Denis 'GNUtoo' Carikli <> writes:

> Hi,
> Is there any policies or past decisions of the Guix project on
> packaging big generated data files?
> I've added packages for software like kiwix-tools and navit that both
> work offline but that also need data files to be useful.
> Navit is a (car) navigation software that need maps. The maps can be
> generated from OpenStreetMap dumps with a tool available in Navit
> source code (maptool)[1] which is not packaged yet. Binary map files can
> also be downloaded directly from various sources.
> Right now the biggest file possible for such maps is about 47 GiB
> (for the whole planet).
> As for kiwix-tools, it can serve offline versions of websites like
> Wikipedia, and there too it needs files to work. The biggest file seems
> to be the complete version of English Wikipedia with scaled down
> pictures[2] and it takes about 89 GiB. I didn't look yet how these files
> were generated but I guess that they somehow can be generated from
> Wikipedia dumps.
> Packaging the binary files (without generating them) can be useful as
> it simplifies a lot the maintenance as one can just update the package
> version and checksum to update these. It also enables to keep the
> information (download URL, checksum, license) in one place and it
> enables easy reuse by Guix services and/or configuration files.
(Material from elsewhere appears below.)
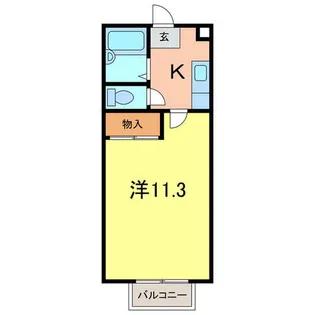 MAGNOLIA HOUSE【1階】の間取り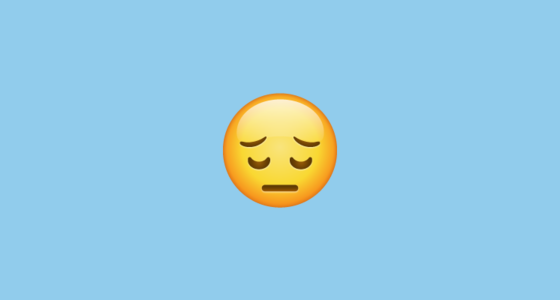 😔 Peinzend Gezicht Emoji on WhatsApp 2.23.2.72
> If these files were generated in packages, it would also enable to
> tweak the data, for instance by adding height data in navit maps. As
> for kiwix compatible files, it would probably enable to decide when to
> make the snapshots or enable to package additional wikis
> (like the Libreplanet Wiki) or websites.
> The issue here is probably the size of the generated files: they are
> huge, so if they are packaged, they will most likely take significant
> resources in the Guix infrastructure.
> So what would be the way to go here? Would Guix accept patches to add
> packages for these files in Guix proper?  
> If so, does it needs to be done like with the ZFS (kernel module)
> package where "#:substitutable? #f" is used to avoid redistributing
> package builds? Or are other ways better for such use cases?
> Note that so far I've only packaged locally only kiwix compatible files
> for various wikis by just downloading already prepared files, so I
> didn't look yet into navit maps or into generating all these files, so
> I might miss some details about generating them.
> Denis.
Could ZIM files be downloaded over bittorrent as fixed output
derivations?  They can be pretty huge.  Also if the system started
seeding them as well, that would be pretty cool.